Data section =
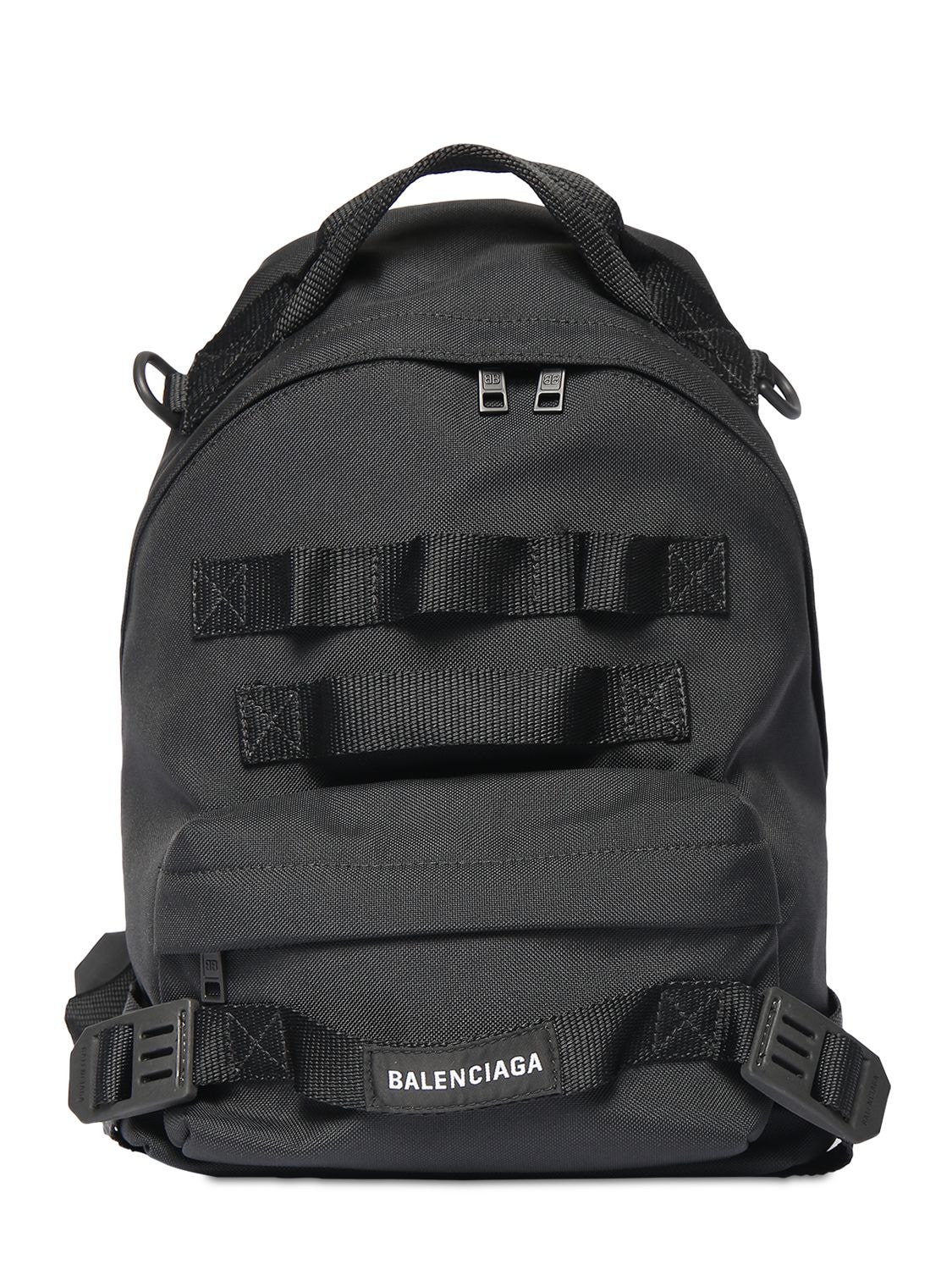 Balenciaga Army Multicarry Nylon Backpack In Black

...

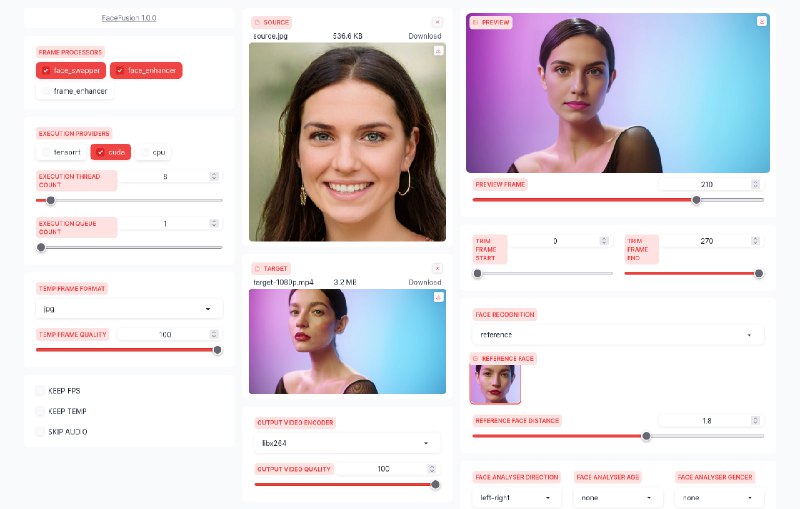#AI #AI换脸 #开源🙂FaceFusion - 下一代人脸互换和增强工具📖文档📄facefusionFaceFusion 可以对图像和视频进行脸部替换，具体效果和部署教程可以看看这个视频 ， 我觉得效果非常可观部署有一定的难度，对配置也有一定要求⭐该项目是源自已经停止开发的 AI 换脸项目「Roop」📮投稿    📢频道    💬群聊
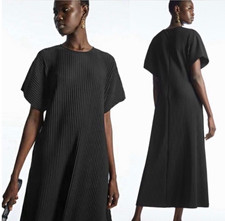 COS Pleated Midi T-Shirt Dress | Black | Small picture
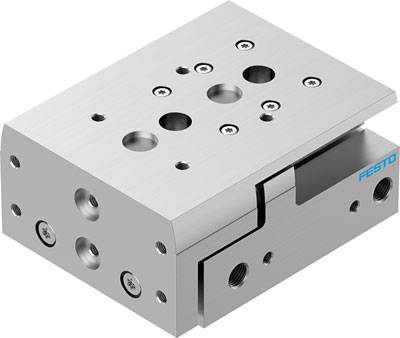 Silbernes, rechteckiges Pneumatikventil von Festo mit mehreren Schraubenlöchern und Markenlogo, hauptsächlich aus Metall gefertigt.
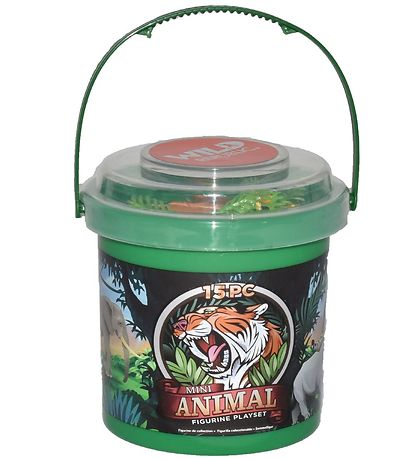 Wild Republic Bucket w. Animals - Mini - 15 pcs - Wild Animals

Exercise instructions = Here the job is to copy the listing above word for word, starting at the line with "COS Pleated Midi" and ending at the line with "Wild Republic Bucket", and to leave out the pictures.

Exercise output =
 COS Pleated Midi T-Shirt Dress | Black | Small picture
 Silbernes, rechteckiges Pneumatikventil von Festo mit mehreren Schraubenlöchern und Markenlogo, hauptsächlich aus Metall gefertigt.
 Wild Republic Bucket w. Animals - Mini - 15 pcs - Wild Animals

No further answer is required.